GRAMMATICAL CATEGORIES

>> Minggu, 29 November 2009

Oleh Miftahul Chaer (20401107107)
A grammatical category is a semantic distinction which is reflected in a morphological paradigm. Grammatical categories can have one or more exponents. There are some familiar grammatical categories-gender, number and person. For English has, strictly, no grammatical gender at all. It has, of course, the pronouns he, she, and it, but these are essentially markers of sex. The first two, he and she, are used if the sex is specifically indicate or known; otherwise it is used. There is, however, one qualification. There is a difference between the use of the pronoun for animals and for human. It maybe used for animals, e.g. to refer to a dog, and so may he or she if the sex is known. However, with humans it can not be used, even if the sex is unknown. For the indefinite unknown human the forms they, them, there are used in colloquial English (even for singular) as in has anyone lost their hat ? if anyone comes tell them to go away. This is frowned on by some grammarians, but seems to me to be a useful and whole acceptable device for avoiding the indication of sex. For reference to a specific human whose sex is unknown, e.g. a baby, it is sometimes used but it is probably wiser to ask the mother first ‘is it a boy or a girl?’

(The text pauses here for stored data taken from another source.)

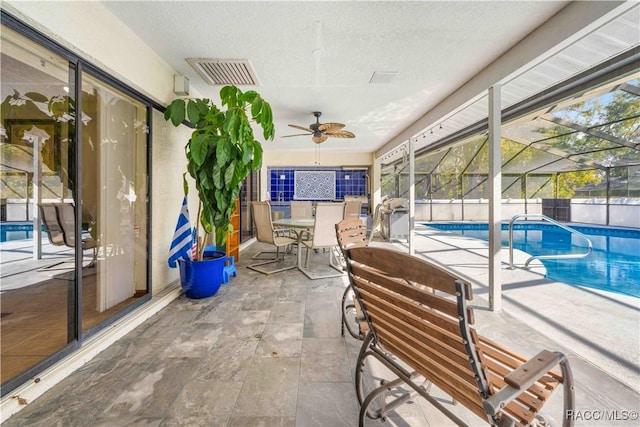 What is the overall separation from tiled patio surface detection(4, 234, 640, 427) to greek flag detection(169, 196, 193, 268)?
520mm

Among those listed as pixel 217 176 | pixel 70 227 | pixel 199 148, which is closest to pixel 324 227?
pixel 217 176

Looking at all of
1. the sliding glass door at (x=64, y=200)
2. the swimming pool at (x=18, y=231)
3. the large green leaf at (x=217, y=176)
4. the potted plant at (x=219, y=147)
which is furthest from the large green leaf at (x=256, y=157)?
the swimming pool at (x=18, y=231)

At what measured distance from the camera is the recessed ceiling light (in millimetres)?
2812

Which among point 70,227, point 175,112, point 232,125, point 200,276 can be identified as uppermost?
point 175,112

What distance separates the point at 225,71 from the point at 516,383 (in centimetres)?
327

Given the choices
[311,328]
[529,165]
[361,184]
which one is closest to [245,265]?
[311,328]

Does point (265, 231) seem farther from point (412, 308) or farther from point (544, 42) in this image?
point (544, 42)

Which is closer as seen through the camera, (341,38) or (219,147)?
(341,38)

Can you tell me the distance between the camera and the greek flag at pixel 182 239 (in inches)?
117

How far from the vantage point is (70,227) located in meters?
1.89

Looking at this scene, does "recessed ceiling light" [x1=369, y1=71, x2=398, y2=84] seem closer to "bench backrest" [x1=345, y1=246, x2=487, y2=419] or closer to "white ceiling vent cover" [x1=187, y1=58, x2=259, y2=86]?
"white ceiling vent cover" [x1=187, y1=58, x2=259, y2=86]

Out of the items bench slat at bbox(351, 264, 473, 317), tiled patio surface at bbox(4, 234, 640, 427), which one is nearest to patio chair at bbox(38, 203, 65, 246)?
tiled patio surface at bbox(4, 234, 640, 427)

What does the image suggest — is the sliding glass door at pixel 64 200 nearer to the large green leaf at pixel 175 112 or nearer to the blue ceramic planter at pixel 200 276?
the large green leaf at pixel 175 112

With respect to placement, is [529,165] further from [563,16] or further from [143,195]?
[143,195]
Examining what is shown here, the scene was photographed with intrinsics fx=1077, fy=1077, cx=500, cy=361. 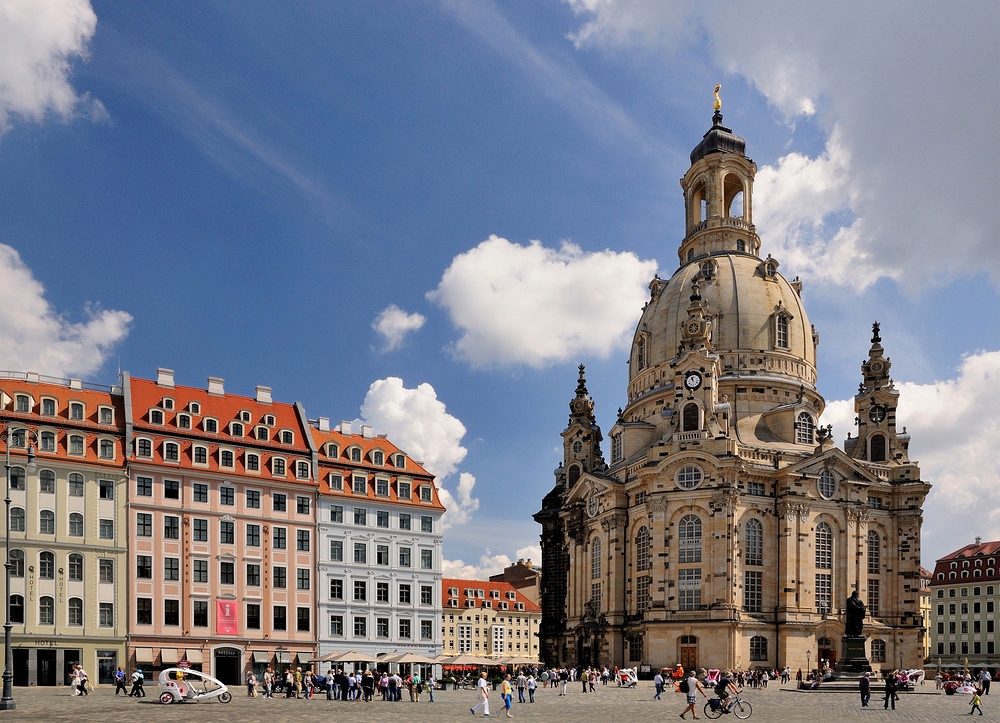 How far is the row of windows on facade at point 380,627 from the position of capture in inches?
3071

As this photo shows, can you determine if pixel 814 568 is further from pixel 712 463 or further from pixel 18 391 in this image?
pixel 18 391

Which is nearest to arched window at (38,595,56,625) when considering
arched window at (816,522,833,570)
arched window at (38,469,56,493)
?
arched window at (38,469,56,493)

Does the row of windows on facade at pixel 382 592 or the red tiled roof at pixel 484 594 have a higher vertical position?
the row of windows on facade at pixel 382 592

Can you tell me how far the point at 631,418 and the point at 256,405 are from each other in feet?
144

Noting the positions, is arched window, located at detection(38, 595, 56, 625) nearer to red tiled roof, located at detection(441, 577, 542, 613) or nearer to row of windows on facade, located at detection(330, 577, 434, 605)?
row of windows on facade, located at detection(330, 577, 434, 605)

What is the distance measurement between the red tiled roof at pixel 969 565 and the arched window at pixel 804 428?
155ft

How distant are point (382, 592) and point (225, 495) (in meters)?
14.4

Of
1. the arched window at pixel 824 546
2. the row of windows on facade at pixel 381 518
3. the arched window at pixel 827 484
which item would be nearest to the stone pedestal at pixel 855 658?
the arched window at pixel 824 546

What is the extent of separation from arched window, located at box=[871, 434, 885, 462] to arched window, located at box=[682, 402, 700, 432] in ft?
70.1

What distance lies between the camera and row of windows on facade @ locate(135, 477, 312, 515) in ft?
235

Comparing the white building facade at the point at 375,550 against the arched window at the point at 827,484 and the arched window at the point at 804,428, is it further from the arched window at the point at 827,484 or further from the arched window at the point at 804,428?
the arched window at the point at 804,428

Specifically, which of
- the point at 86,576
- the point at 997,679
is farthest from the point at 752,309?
the point at 86,576

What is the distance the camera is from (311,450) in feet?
263

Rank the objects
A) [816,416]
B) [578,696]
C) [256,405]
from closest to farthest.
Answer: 1. [578,696]
2. [256,405]
3. [816,416] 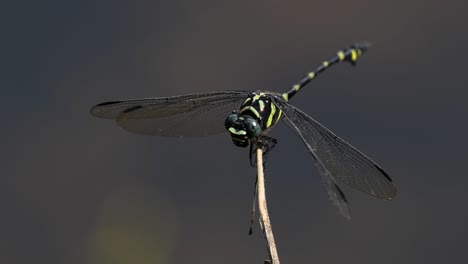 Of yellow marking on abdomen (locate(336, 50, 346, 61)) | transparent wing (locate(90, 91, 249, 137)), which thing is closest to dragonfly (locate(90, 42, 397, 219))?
transparent wing (locate(90, 91, 249, 137))

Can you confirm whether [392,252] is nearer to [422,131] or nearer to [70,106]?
[422,131]

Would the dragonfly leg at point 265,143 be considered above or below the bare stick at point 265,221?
above

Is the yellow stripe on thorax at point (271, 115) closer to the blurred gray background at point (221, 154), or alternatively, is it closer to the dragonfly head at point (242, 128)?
the dragonfly head at point (242, 128)

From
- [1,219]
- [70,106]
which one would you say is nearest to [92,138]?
[70,106]

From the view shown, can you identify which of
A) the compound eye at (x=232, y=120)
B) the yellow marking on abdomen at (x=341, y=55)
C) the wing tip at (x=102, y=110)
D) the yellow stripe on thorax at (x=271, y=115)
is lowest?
the compound eye at (x=232, y=120)

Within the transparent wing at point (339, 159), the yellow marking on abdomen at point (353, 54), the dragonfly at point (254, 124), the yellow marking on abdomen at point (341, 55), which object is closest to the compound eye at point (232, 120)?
the dragonfly at point (254, 124)

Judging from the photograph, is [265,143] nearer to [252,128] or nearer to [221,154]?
[252,128]

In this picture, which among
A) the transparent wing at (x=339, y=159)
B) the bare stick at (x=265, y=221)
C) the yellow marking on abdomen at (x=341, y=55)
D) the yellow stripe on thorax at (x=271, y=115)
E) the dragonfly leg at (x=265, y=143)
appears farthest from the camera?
the yellow marking on abdomen at (x=341, y=55) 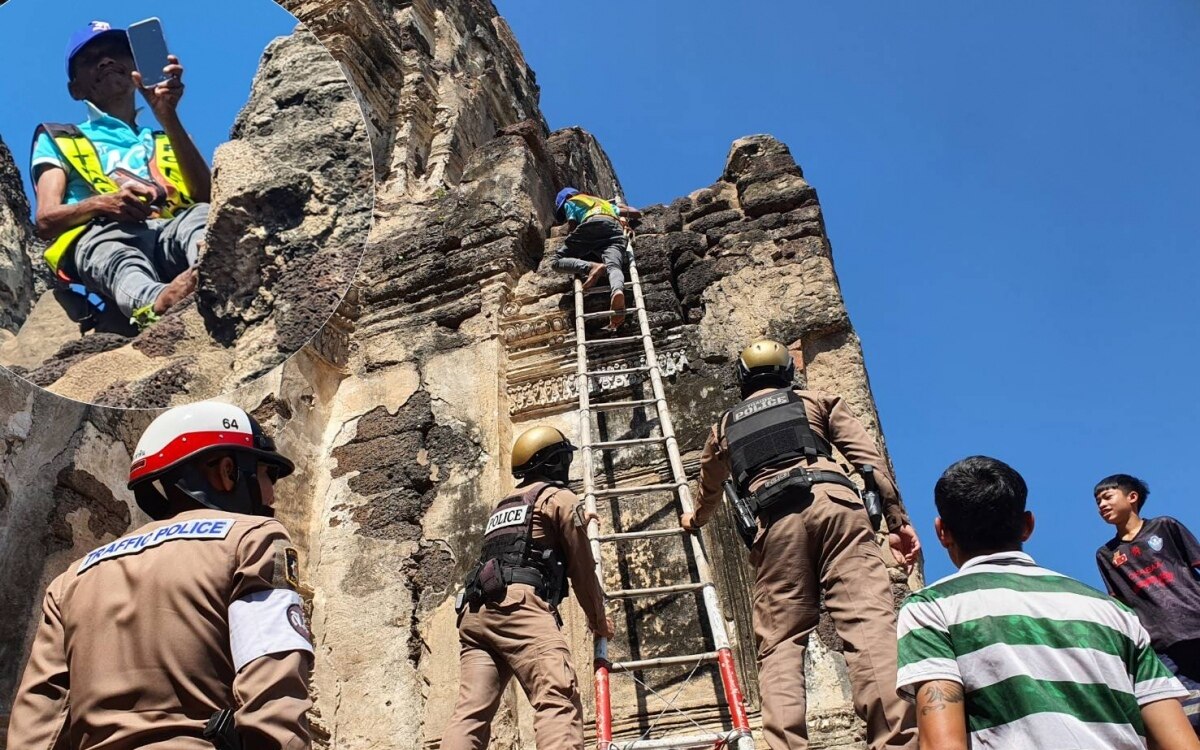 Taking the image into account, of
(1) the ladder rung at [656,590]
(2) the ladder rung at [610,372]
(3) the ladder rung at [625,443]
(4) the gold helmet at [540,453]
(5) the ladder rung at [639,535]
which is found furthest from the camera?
(2) the ladder rung at [610,372]

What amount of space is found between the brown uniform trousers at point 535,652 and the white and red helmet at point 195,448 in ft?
4.81

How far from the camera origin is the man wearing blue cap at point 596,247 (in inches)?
260

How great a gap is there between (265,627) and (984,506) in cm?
166

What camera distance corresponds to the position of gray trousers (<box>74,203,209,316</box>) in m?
3.61

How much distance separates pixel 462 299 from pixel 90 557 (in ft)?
15.0

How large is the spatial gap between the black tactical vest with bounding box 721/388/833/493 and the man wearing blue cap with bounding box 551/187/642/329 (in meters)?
2.52

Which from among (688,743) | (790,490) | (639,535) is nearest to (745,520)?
(790,490)

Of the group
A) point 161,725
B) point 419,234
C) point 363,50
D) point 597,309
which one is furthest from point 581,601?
point 363,50

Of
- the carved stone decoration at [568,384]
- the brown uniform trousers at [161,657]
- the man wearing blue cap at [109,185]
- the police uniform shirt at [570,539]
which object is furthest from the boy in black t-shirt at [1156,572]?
the man wearing blue cap at [109,185]

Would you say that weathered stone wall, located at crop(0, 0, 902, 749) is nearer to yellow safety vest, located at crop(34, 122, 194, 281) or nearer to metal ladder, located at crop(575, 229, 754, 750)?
metal ladder, located at crop(575, 229, 754, 750)

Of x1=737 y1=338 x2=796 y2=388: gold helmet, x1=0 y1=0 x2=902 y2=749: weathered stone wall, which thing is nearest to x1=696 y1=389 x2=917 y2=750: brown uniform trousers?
x1=737 y1=338 x2=796 y2=388: gold helmet

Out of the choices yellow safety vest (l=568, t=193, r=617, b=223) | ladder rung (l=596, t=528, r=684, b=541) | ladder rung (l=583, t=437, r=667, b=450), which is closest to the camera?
ladder rung (l=596, t=528, r=684, b=541)

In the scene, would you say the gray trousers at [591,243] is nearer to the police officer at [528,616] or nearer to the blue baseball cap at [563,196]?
the blue baseball cap at [563,196]

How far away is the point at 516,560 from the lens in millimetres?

Many languages have noun classes that function grammatically like the gender classes of the Indo-European and Semitic languages. Grammatical genders are classes of nouns reflected in the behavior of associated words; every noun must belong to one of the classes and there should be very few which belong to several classes at once. If a language distinguishes between masculine and feminine gender, for instance, then each noun belongs to one of those two genders; in order to correctly decline any noun and any modifier or other type of word affecting that noun, one must identify whether the noun is feminine or masculine. The term "grammatical gender" is mostly used for Indo-European languages, many of which follow the pattern just described. While Old English (Anglo-Saxon) had grammatical gender, Modern English is normally described as lacking grammatical gender.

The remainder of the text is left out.